------ MATERIAL PROVIDED
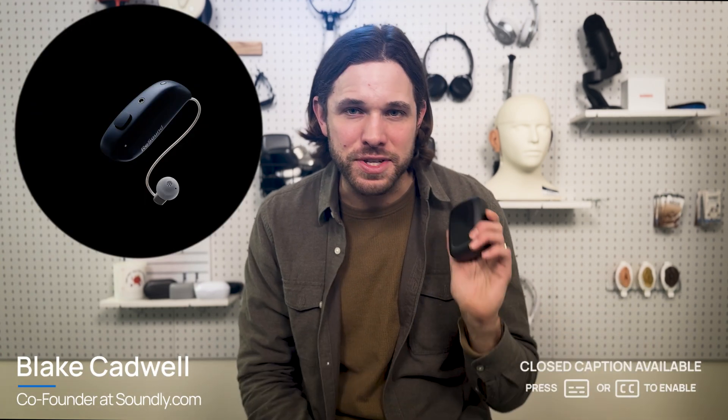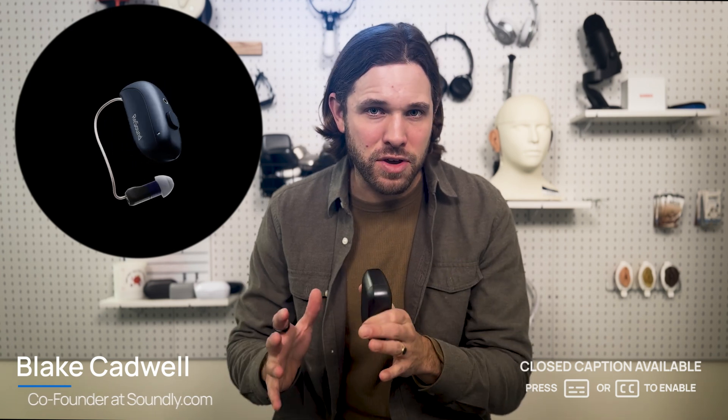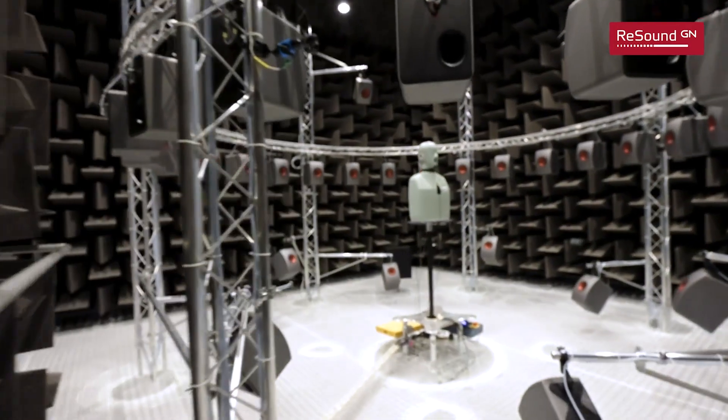In this video we're going to be talking about the first big hearing aid launch of 2025, and that is the ReSound Vivia. ReSound Vivia will be the brand's new flagship product replacing ReSound Nexia. ReSound is one of the largest manufacturers of hearing aids in the world, based in Denmark. I have a personal connection to the brand because it's the first prescription product I ever tried when I first started wearing hearing aids, so I'm always excited to see the generations as they roll out.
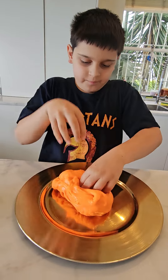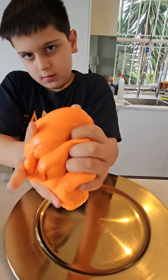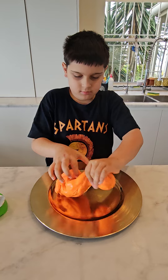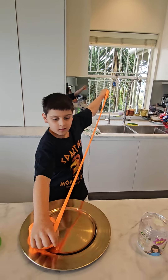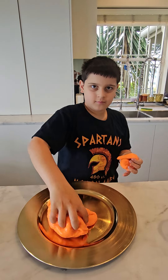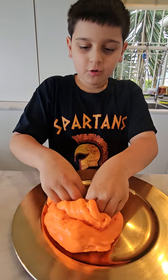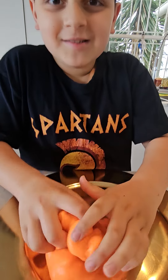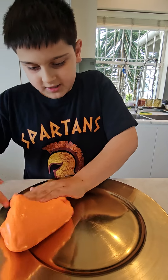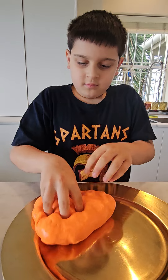This is so cool. This is so cool guys — bring that up. Let's mix it. Now we're going to put it back.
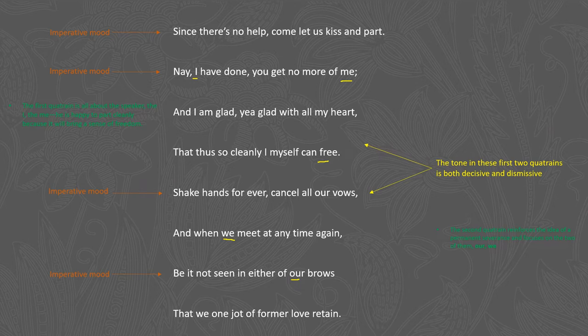Line one says: "Since there's no help, come let us kiss and part." The phrase "since there's no help" means there's no saving the relationship, so he says let us just kiss and part — he's looking for an easy way of parting from his lover. One has to ask, though: if he wants to break things off cleanly, why is he asking for a kiss? It's a rather intimate action, and I think this is the first little moment where we can see he's not really serious about this clean break.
------------
◆ **AIM OF THE TASK**: Please repeat every line from the listing above exactly as it appears. Drop the pictures.

◆ **WRITTEN SOLUTION**:
In this video we're going to be talking about the first big hearing aid launch of 2025, and that is the ReSound Vivia. ReSound Vivia will be the brand's new flagship product replacing ReSound Nexia. ReSound is one of the largest manufacturers of hearing aids in the world, based in Denmark. I have a personal connection to the brand because it's the first prescription product I ever tried when I first started wearing hearing aids, so I'm always excited to see the generations as they roll out.
This is so cool. This is so cool guys — bring that up. Let's mix it. Now we're going to put it back.
Line one says: "Since there's no help, come let us kiss and part." The phrase "since there's no help" means there's no saving the relationship, so he says let us just kiss and part — he's looking for an easy way of parting from his lover. One has to ask, though: if he wants to break things off cleanly, why is he asking for a kiss? It's a rather intimate action, and I think this is the first little moment where we can see he's not really serious about this clean break.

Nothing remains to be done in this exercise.